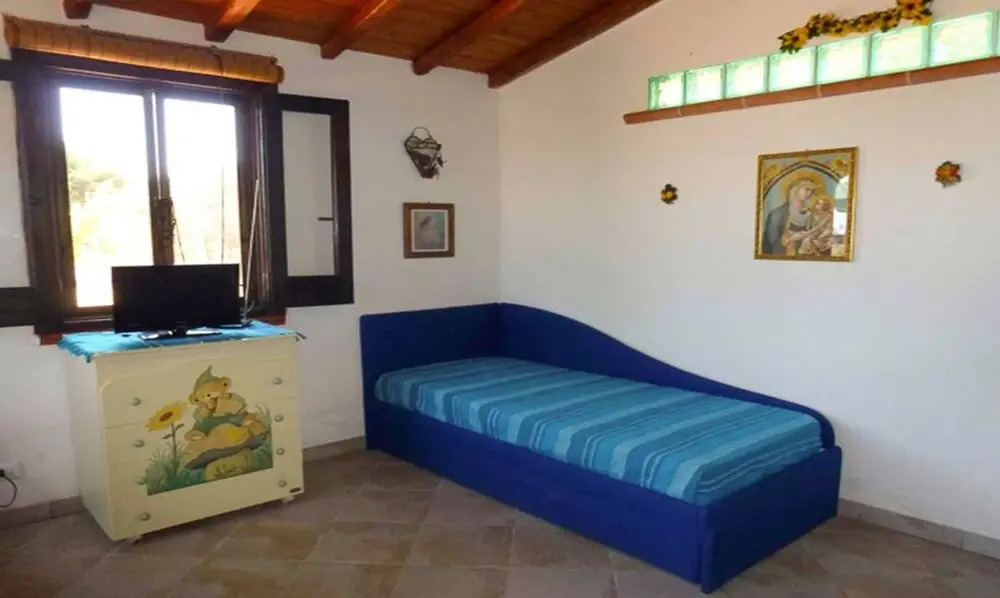 La Casa Aperta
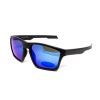 Солнцезащитные очки BluWater Sandbar Polarized (G-Tech blue) Зеркальные синие (BW-SANDB-GTB2) изображение 2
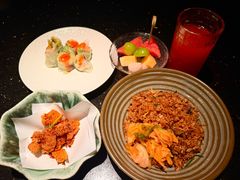 -上井精致料理(大坪店)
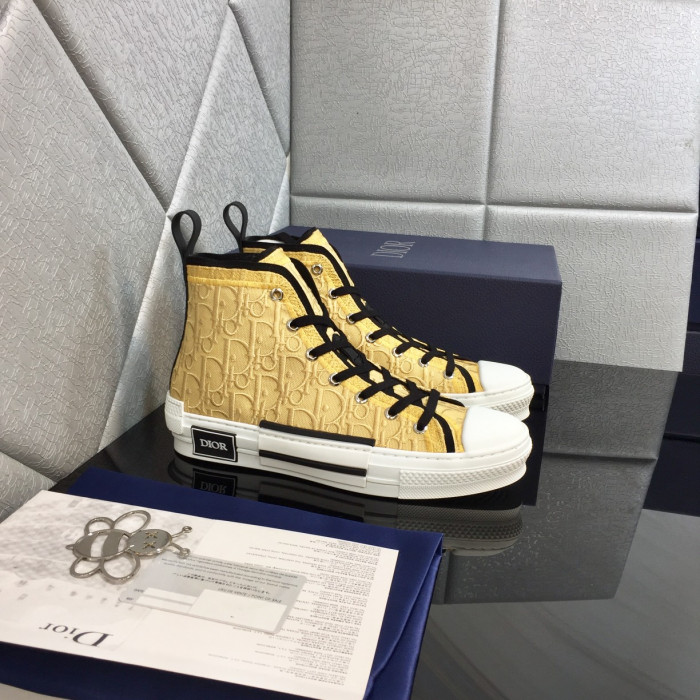 DR B23 Sneakers - CCSHOES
•••••
- **Work item**: Wherever a picture appears in the material above, skip it and copy the rest without change.

- **Your solution**:
 La Casa Aperta
 Солнцезащитные очки BluWater Sandbar Polarized (G-Tech blue) Зеркальные синие (BW-SANDB-GTB2) изображение 2
 -上井精致料理(大坪店)
 DR B23 Sneakers - CCSHOES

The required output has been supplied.